Directions for this task: Please restate each line of the data that follows word for word, skipping any image.

Data provided:
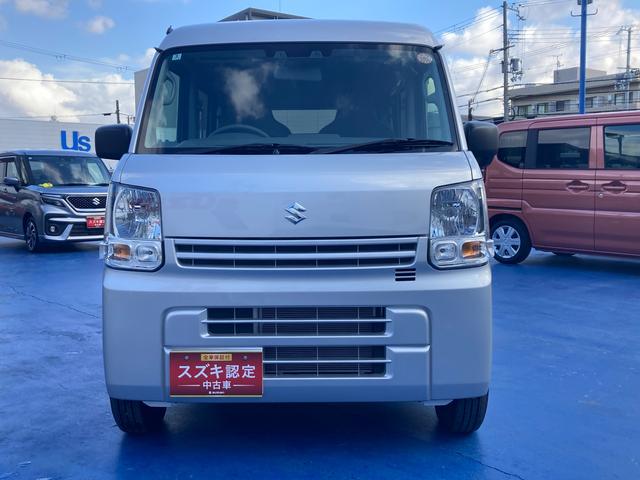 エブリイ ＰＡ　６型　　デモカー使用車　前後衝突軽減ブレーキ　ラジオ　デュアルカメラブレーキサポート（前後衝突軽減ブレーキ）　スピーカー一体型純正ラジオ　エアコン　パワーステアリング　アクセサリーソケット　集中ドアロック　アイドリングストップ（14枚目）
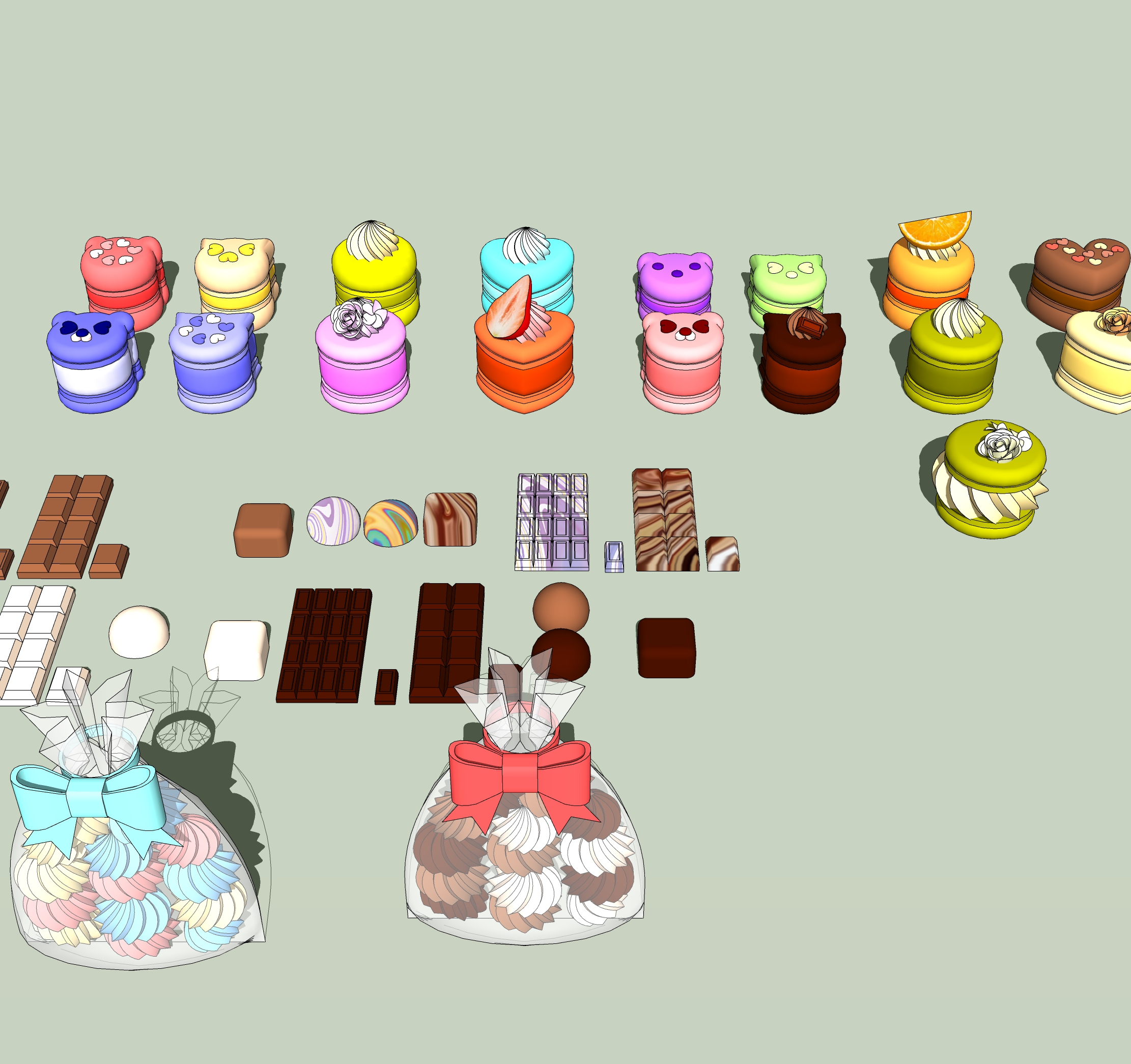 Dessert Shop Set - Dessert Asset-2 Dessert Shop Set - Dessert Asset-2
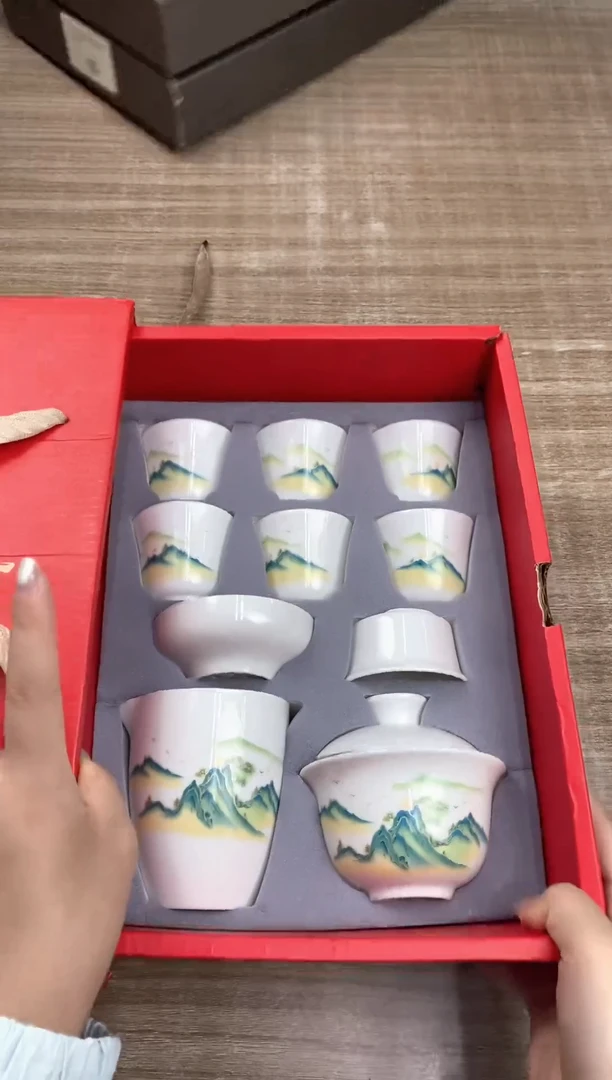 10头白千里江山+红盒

Solution for this task:
 エブリイ ＰＡ　６型　　デモカー使用車　前後衝突軽減ブレーキ　ラジオ　デュアルカメラブレーキサポート（前後衝突軽減ブレーキ）　スピーカー一体型純正ラジオ　エアコン　パワーステアリング　アクセサリーソケット　集中ドアロック　アイドリングストップ（14枚目）
 Dessert Shop Set - Dessert Asset-2 Dessert Shop Set - Dessert Asset-2
 10头白千里江山+红盒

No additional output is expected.